Se, em 2010, quase metade da população portuguesa vivia no limiar da pobreza e um quinto (cerca de dois milhões de pessoas) era declaradamente pobre, todos os estudos apontam para a subida rápida para três milhões de pobres nos próximos meses. Três milhões de pessoas a quem os gurus da austeridade, como retribuição honrada e dedicada do investimento que o País fez na sua educação, dizem que viveram acima das suas possibilidades. Um terço do País. E as contas, como as do FMI e as do Governo, podem estar mal feitas: a essas cifras não vai o rendimento disponível mensal das famílias depois de pagos os créditos bancários - fosse a estatística calculada com esse cuidado e o número de pessoas com menos de 500 euros por mês seria ainda muito maior.

É um país assim, com uma mancha de pobreza que alastra como uma mancha de óleo - incorporando cada vez mais gente com habilitações escolares elevadas, percurso profissional qualificado e trajetórias de vida consolidadas, é um país assim que o Governo acha que tem de empobrecer. E para cumprir esse objetivo letal, o Orçamento agora apresentado ataca em três frentes. A primeira é a das prestações sociais. Entre 1993 e 2009, a proporção do rendimento auferido pelos 5% mais pobres da população teve um aumento assinalável. Mas todo esse aumento ficou a dever-se não a uma mais justa política de salários, mas, sim, a transferências diretas do Orçamento através de prestações como o rendimento social de inserção, o subsídio social de desemprego ou o complemento social para idosos. Não tivessem sido essas prestações e os números da pobreza em Portugal seriam já hoje muito mais arrasadores. Ora a radical mudança imposta por este Governo em matéria de prestações e políticas sociais, substituindo os princípios da universalidade e da titularidade por uma orientação sociocaritativa que desonera o Estado da responsabilidade pelo equilíbrio e pela coesão sociais e que opera cortes brutais nos montantes destas prestações, está a ter como consequência um agravamento dramático da intensidade da experiência de pobreza dos mais pobres em Portugal.

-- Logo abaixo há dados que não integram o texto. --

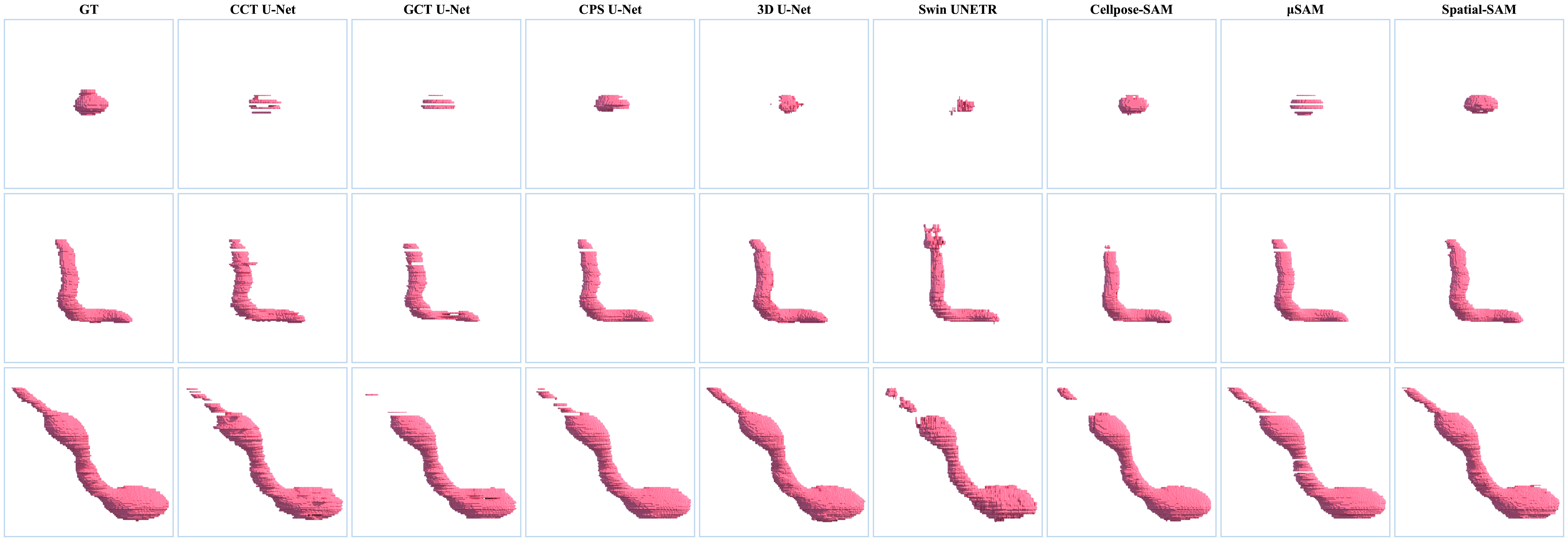 3D visualization comparison of different methods on mitochondria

A segunda fonte de agravamento da pobreza neste Orçamento é a da agressão aos salários. No período referido (1993-2009), as desigualdades salariais em Portugal aumentaram por força dos aumentos brutais dos salários e prémios das chefias empresariais. Em 2009, os 10% de portugueses mais pobres tinham um salário médio de 458 euros, enquanto os 10% mais ricos recebiam em média sete vezes mais. A principal causa da pobreza é esta lógica salarial, que para aumentar muito uns poucos mantém muitos com pouco demais.

Por fim, o terceiro suporte orçamental da estratégia de empobrecimento é a política fiscal. Um Orçamento cujo enorme aumento de impostos se repercute proporcionalmente mais em quem recebe 800 euros do que em quem recebe dez mil euros é obviamente um instrumento de agravamento deliberado das desigualdades e de geração de pobreza.

Três milhões de pobres. Um milhão e meio de desempregados, mais de metade dos quais sem qualquer apoio social. Um Governo que olha para esta realidade e decide que a melhor estratégia é empobrecer não passava de certeza no exame do primeiro ano de qualquer curso de bom senso e de dignidade.